08/21/2024
Rustcask
I recently released Rustcask to
Github and
crates.io.
Rustcask is a fast and efficient key-value storage engine implemented in Rust. It's based on
Bitcask, "A Log-Structured Hash Table for Fast Key/Value Data".
Here are some interesting sections that I've copied from the
README on Github:
Design
Bitcask
Rustcask follows the design of Bitcask very closely. A Rustcask directory is composed of data files. At any time,
there is only one active data file. Writes are appended to that data file, and once it reaches a certain size,
the file is closed and marked read-only.
An in-memory data structure (see
keydir.rs) maps each key to the data file and offset of the
most recently written value for that key. This means that reads require only a single disk seek.
On restarts, Rustcask traverses data files within the Rustcask directory to rebuild the keydir.
By writing values to disk sequentially, Bitcask and Rustcask are able to achieve high write throughput.

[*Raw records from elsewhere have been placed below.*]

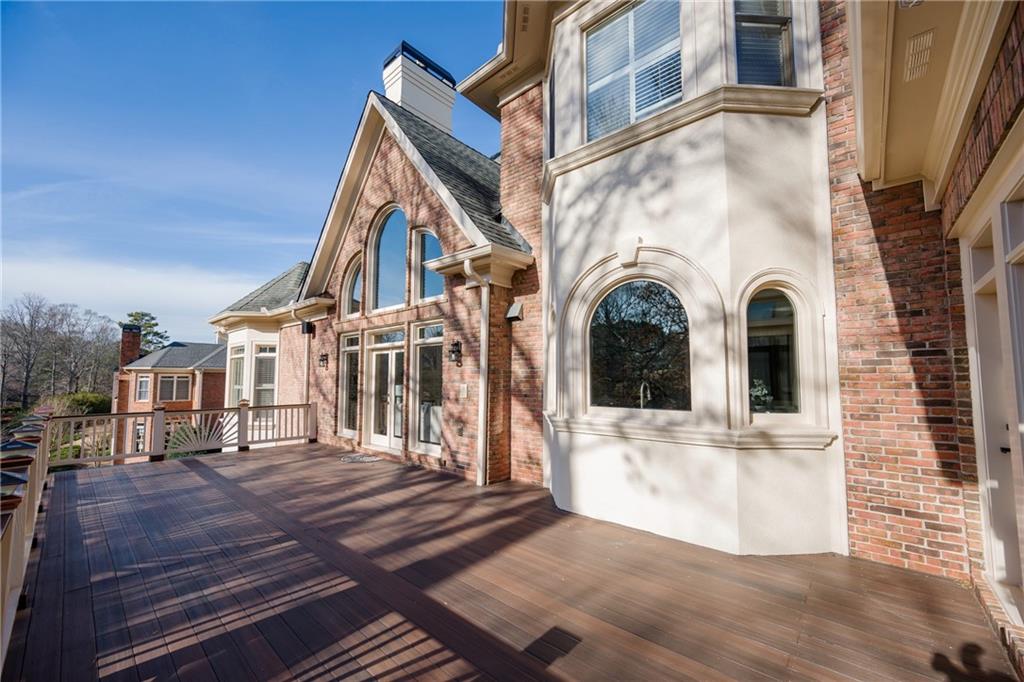 2760 Sugarloaf Club Drive Duluth, GA 30097 - Photo 48 of 67 a view of a brick house with large windows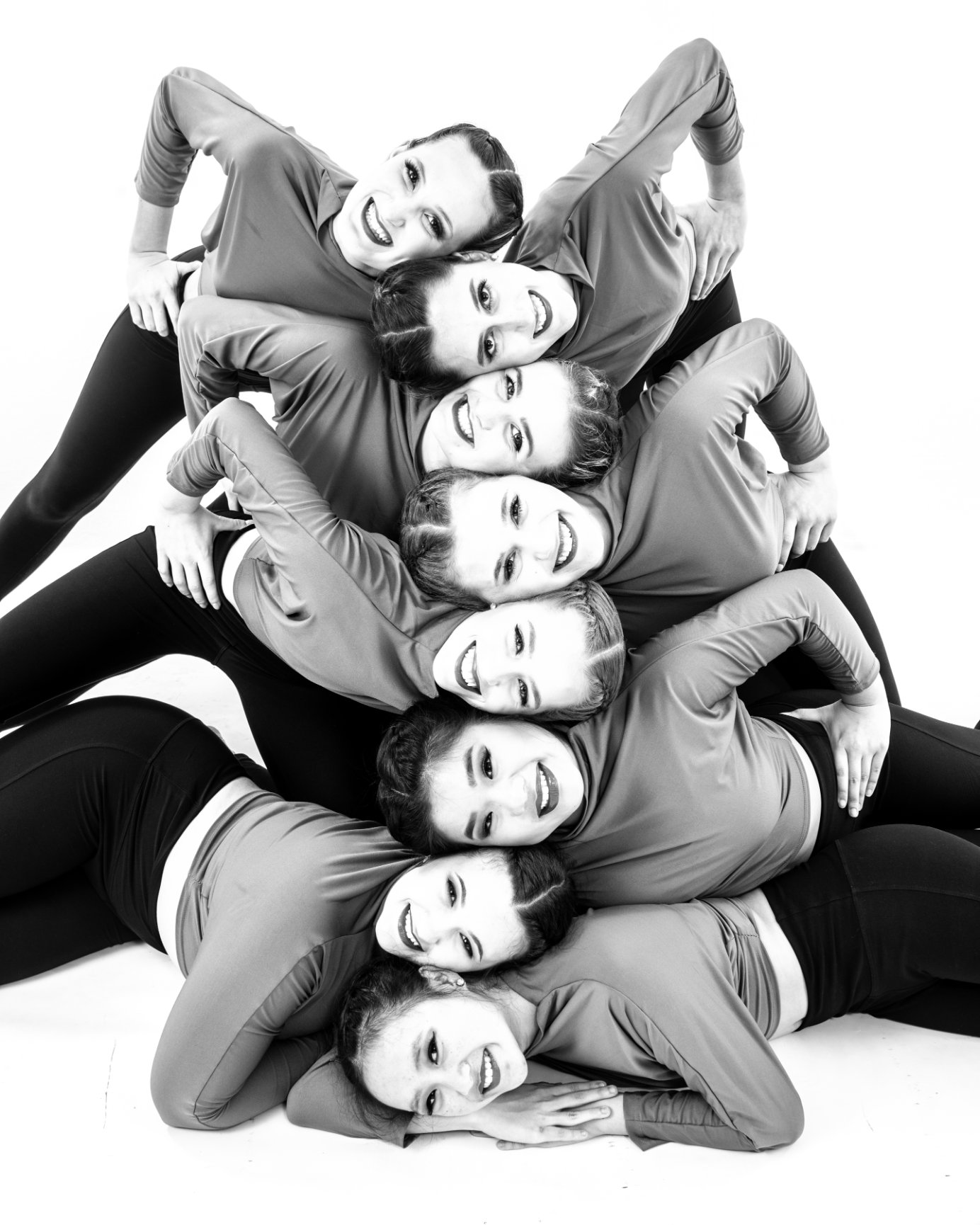 Group of dancers in a stacked formation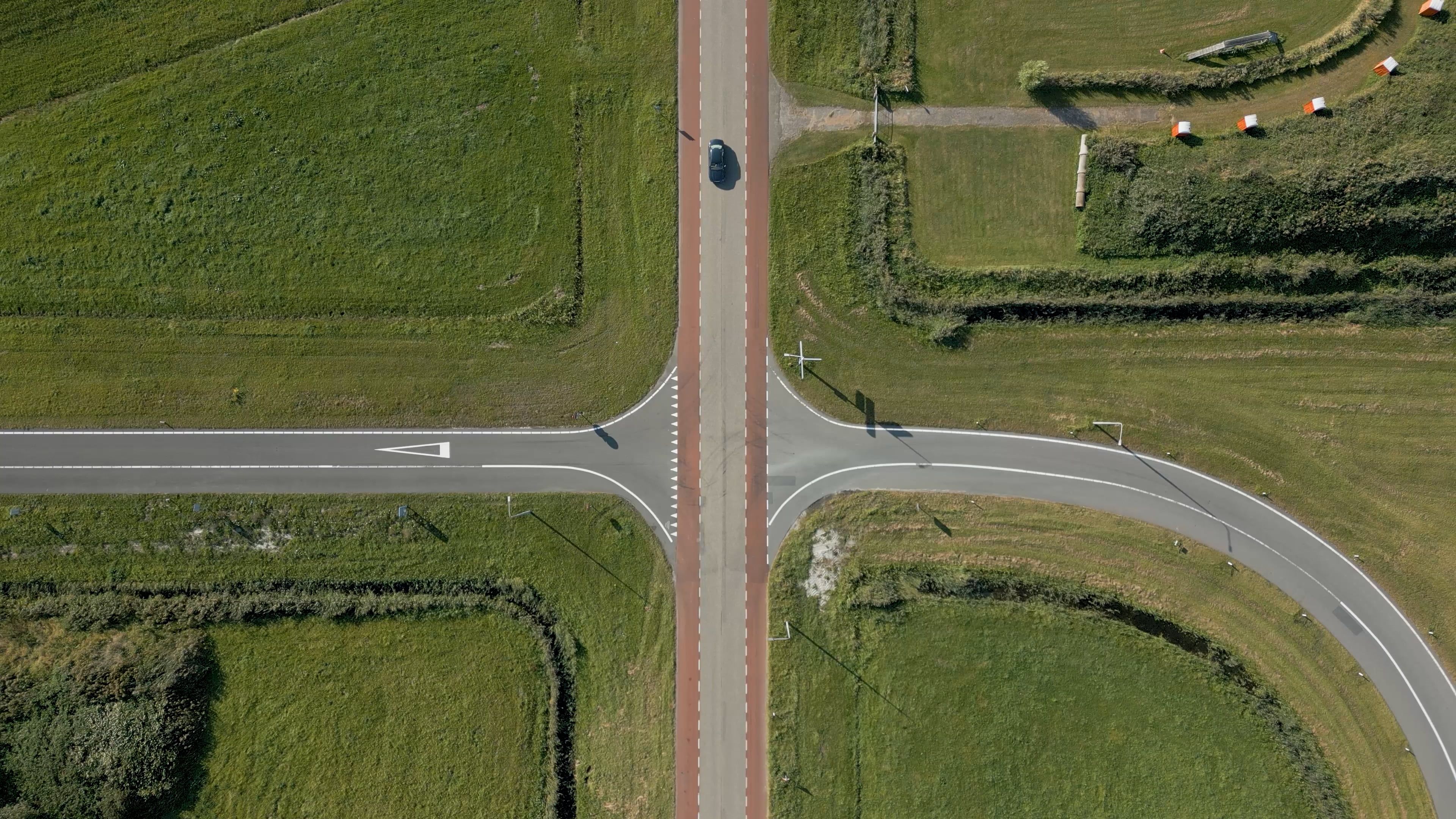 An aerial view of a road with two cross roads Free Stock Video Footage ...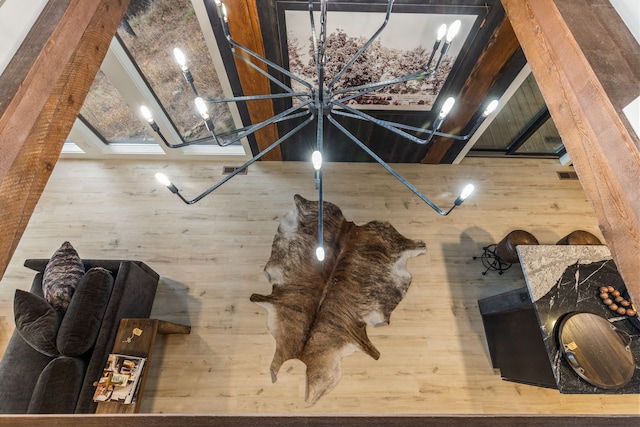 details with wood walls and wood-type flooring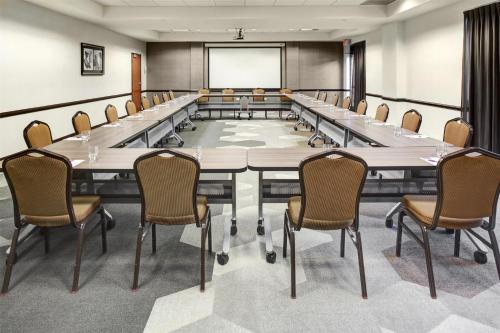 a large conference room with a large table and chairs at Hyatt Place Sacramento Rancho Cordova in Rancho Cordova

However, this append-only strategy means that stale (overwritten) values accumulate in the data files. This is why Bitcask and Rustcask
provide a
merge function, which compacts data files and removes stale keys. In production environments, managing background data file compaction
without affecting the key-value store's performance is a tricky problem.

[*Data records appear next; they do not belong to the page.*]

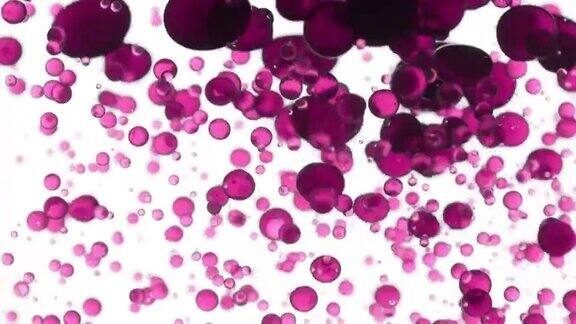 将玫瑰油倒入水中产生粉红色的气泡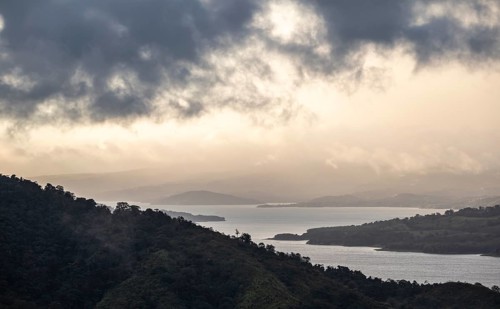 View to the sea over wooded hills, at sunset, cloud forest, Monte Verde, Puntarenas province, Costa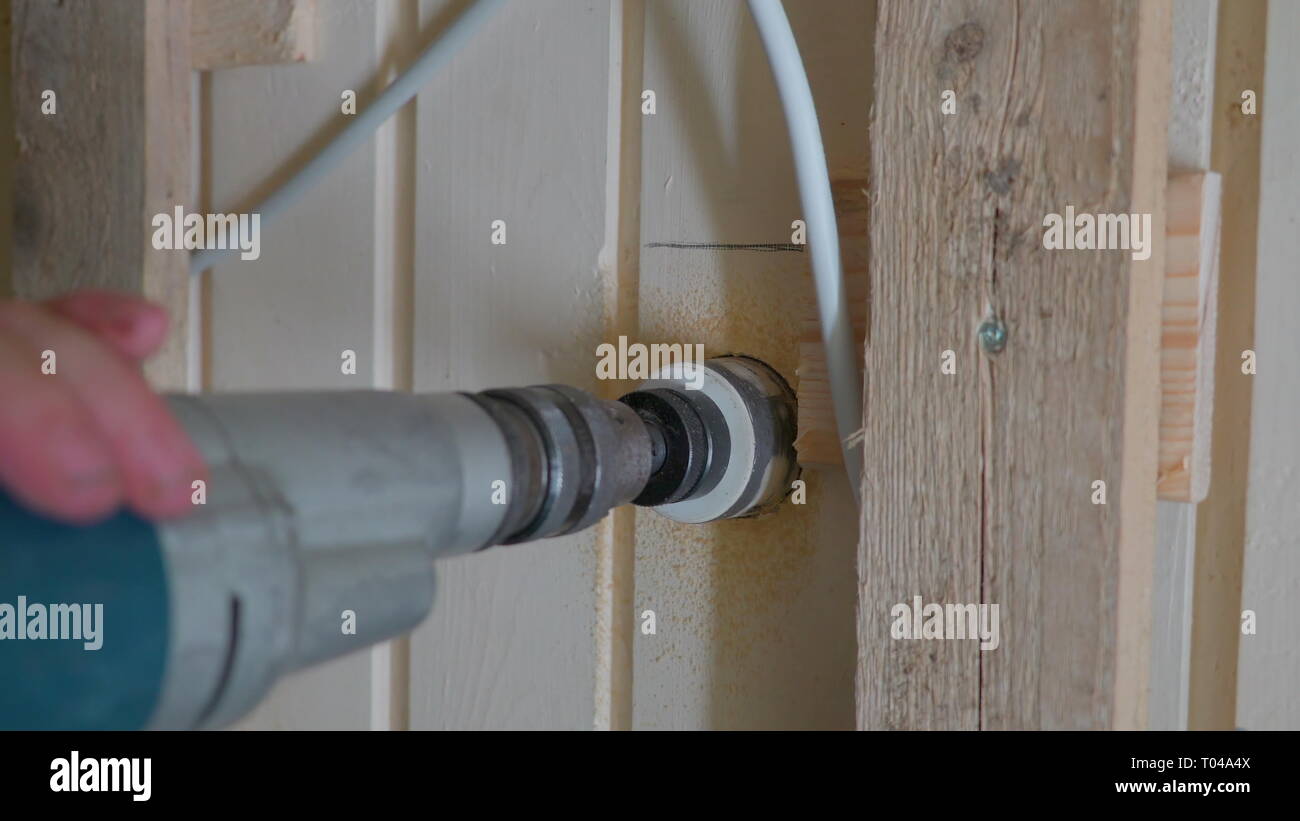 Un utensile di foratura a realizzare un foro sulla parete di legno della casa di mettere i cablaggi sull'elettricità Foto Stock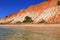 Deserted golden sandy beach in Olhos de Agua, Albufeira, Algarve, Portugal.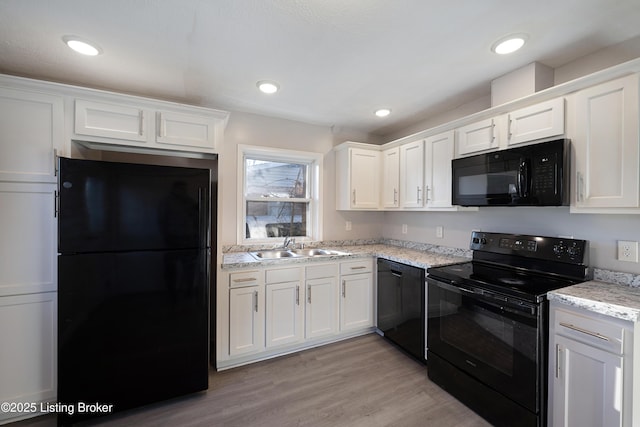 kitchen featuring light stone counters, sink, black appliances, light hardwood / wood-style flooring, and white cabinetry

Rustcask vs. Log-Structured Merge-Trees (LSM-trees) like LevelDB
What are the benefits of Rustcask over LSM-tree-based storage engines?
Rustcask's design is much simpler than LSM-tree storage engines like LevelDB. As such, it's an easy code base to maintain.

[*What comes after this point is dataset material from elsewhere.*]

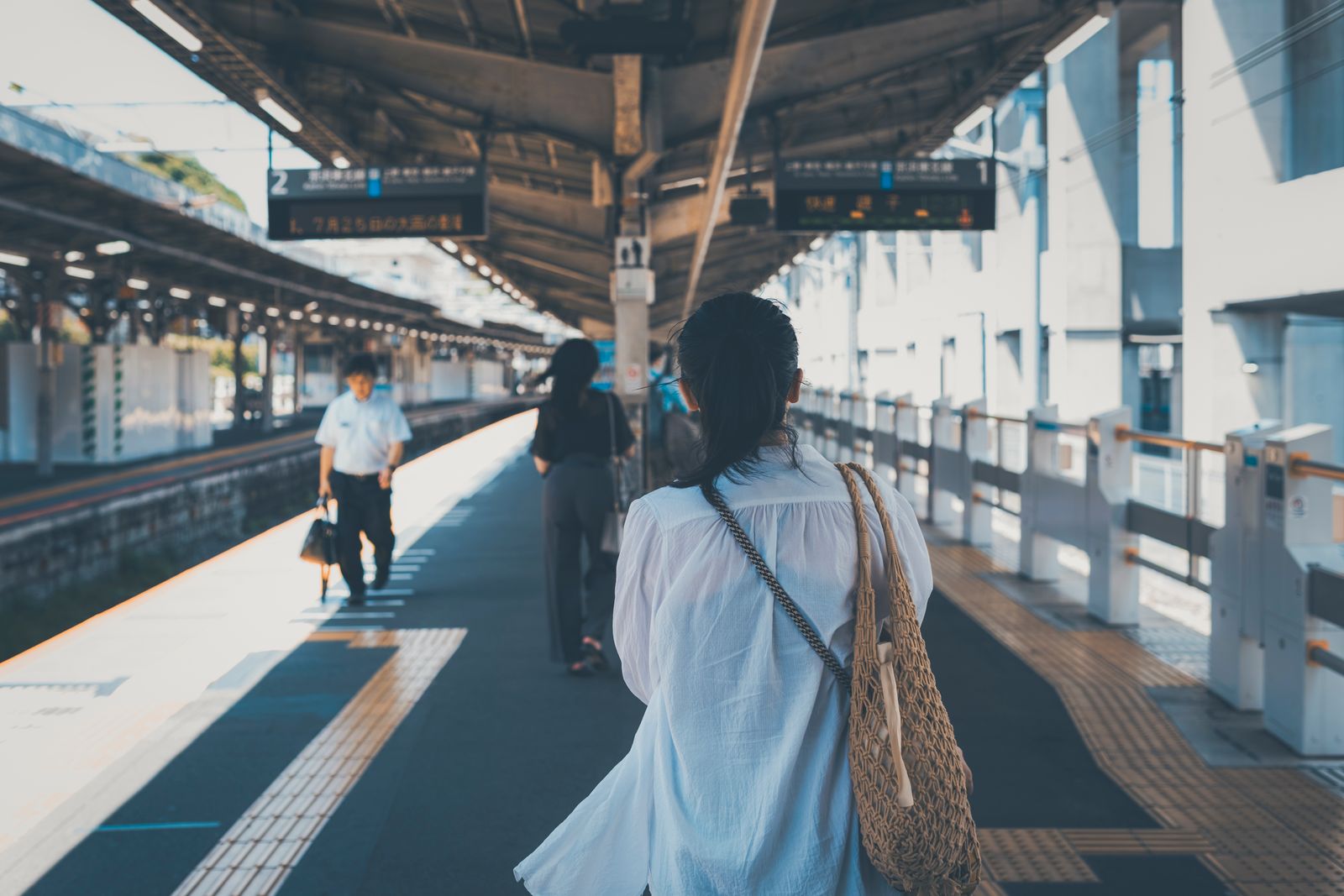 A Tokyo station platform in daylight, commuters seen from behind, line signage overhead.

Additionally, Rustcask has less read amplification than LevelDB. For example, as described in the
WiscKey paper, LevelDB has high read amplification because you may have to read up to 14
SSTable files to find the data you're looking for. In Rustcask, we store the entire keydir in memory,
which means that reads require only a single seek.
What are the benefits of LSM-trees like LevelDB over Rustcask
Rustcask stores the entire key-set in memory. If your key-set won't fit in memory, then LevelDB is a much better alternative
because LevelDB stores a sparse index of the key-set in memory.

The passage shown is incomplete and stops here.